Hanya ada empat pasang kursi sofa, dan 3 pasang kursi lipat. Dua orang sejoli duduk dipojok depan, lama sebelum kami datang. Aku dan dia duduk dipojok lain. Memilih kursi sofa yang masih kosong. Seorang waiter menghampiri kami, memberikan daftar menu, selembar kertas pesanan dan sebuah pen. Astaga… ice cream? Menunya ice cream? Aku tak percaya, setahun kita pacaran baru kali ini dia mengajak aku ketempat yang romantis dengan menu yang pas untuk pasangan yang dilanda panah asmara.

“Aku pilih Bread day. Kamu?” memilih dan menulis dilembar pesanan dengan cepat.
“Yang coklat fanila mana ya?” dengan gugup aku mencari taste yang aku suka didaftar menu. Sesekali aku memandang dia. Dia adalah Akmal, Akmal Ardiansyah. Bintangku dan pujaan hatiku yang aku cintai.
“disini semuanya enak…” jelasnya padaku.
“Chocolate Dreamer, itu aja.”
“makannya? Dulu aku pernah coba spageti, tapi kali ini mau yang lain. Enak nya apa?” tanyanya meminta pendapat padaku.
“Sandwich…” semoga pilihanku tepat.
Pesanan kami pun dalam proses penyajian, menunggu itu aku masih heran dan tidak percaya dia bisa seromantis ini. Hatiku sangat berbunga-bunga. Ini jelas bukan mimpi. Sebuah kenyataan seperti film barat yang tak pernah aku duga sebelumnya. Tapi ada sedikit keganjalan antara kami. Hanya sekedar feeling, atau kenyataan. Aku menunggunya mengawali pembicaraan. Tapi ternyata dia sibuk dengan pesan singkat yang tak ada habisnya mendatangi Hp munyilnya itu. Sedikit kecurigaanku mendatangkan rasa jealous. Karna tadi aku sempat meminjam Hpnya dan membaca beberapa pesan inbox. Dugaanku benar. Ada nama sella disana. Pesannya pun sangat jelas, menceritakan bahwa dia sangat menyukai Akmal, bintangku. Pesan berikutnya kudapat sella sangat memperhatikan Akmal, dari mengingatkan makan sampai menasehatinya. Terakhir kudapati sella mengajak Akmal makan berdua ditempat yang tidak aku ketahui. Aku hanya bisa berpura-pura tidak tahu tentang pesan singkat itu. Tapi hatiku semakin panas, ditempat seromantis ini dia belum mengawali pembicaraan denganku.
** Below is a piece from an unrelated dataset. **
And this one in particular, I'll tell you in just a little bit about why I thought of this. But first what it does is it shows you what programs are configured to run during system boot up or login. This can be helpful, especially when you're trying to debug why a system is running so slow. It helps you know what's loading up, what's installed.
“Tempatnya bagus ya? Cocok banget buat sharing.” Aku mencoba mengawali pembicaraan.
“iya, untuk itu aku mengajak kamu kesini,” jawabnya tenang, tapi masih tetap memandangi Hp. Aku harus bisa membuatnya hanya berbicara denganku, dan menghiraukan pesan inboxnya.
“Sayang, kita tau setiap hubungan itu pasti ada kata putus nantinya.”
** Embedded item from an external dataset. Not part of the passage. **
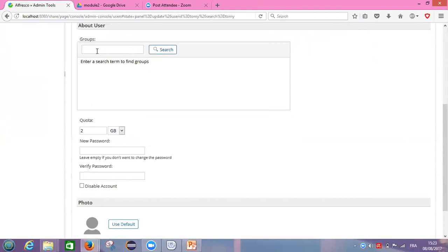So we came here in this box or dashlet Groups and we click on search to find which group we wanted for this user. I need to give at least one character name for the group. So our group is Alfresco end users.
Dia terkejut aku mengatakan itu, dan dia langsung memasukan handphonenya kedalam saku. Dia menatapku, berusaha mendengarkan dan memahami maksud perkataanku. Aku pun tenang, dan melanjutkan pembicaraanku.
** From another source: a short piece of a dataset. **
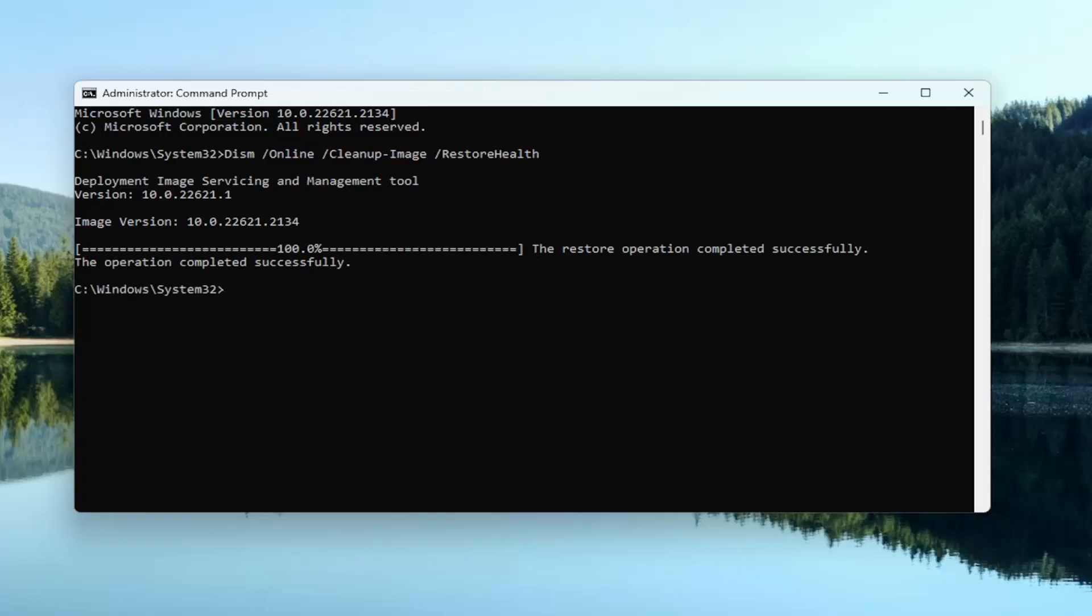So once that has concluded, go ahead and copy the second command I'm going to have in the description of my video here guys. It's the system file checker utility scan.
“kamu masuk diUNAIR, universitas ternama seIndonesia. Jurusan bahasa inggris yang sangat kau gemari. Aku memang masih duduk dibangku kelas tiga paspal diMalang. Tapi aku tahu, jam kuliyah serta kesibukan didalamnya sangat padat. Aku yakin kau pun akan fokus pada itu, dan perhatianmu kepadaku pun akan berkurang.”
Aku berhenti sejenak, menatapnya yang hanya terdiam seperti tak tahu apa lagi yang harus dia katakan padaku. Aku menarik nafas dan memulainya lagi.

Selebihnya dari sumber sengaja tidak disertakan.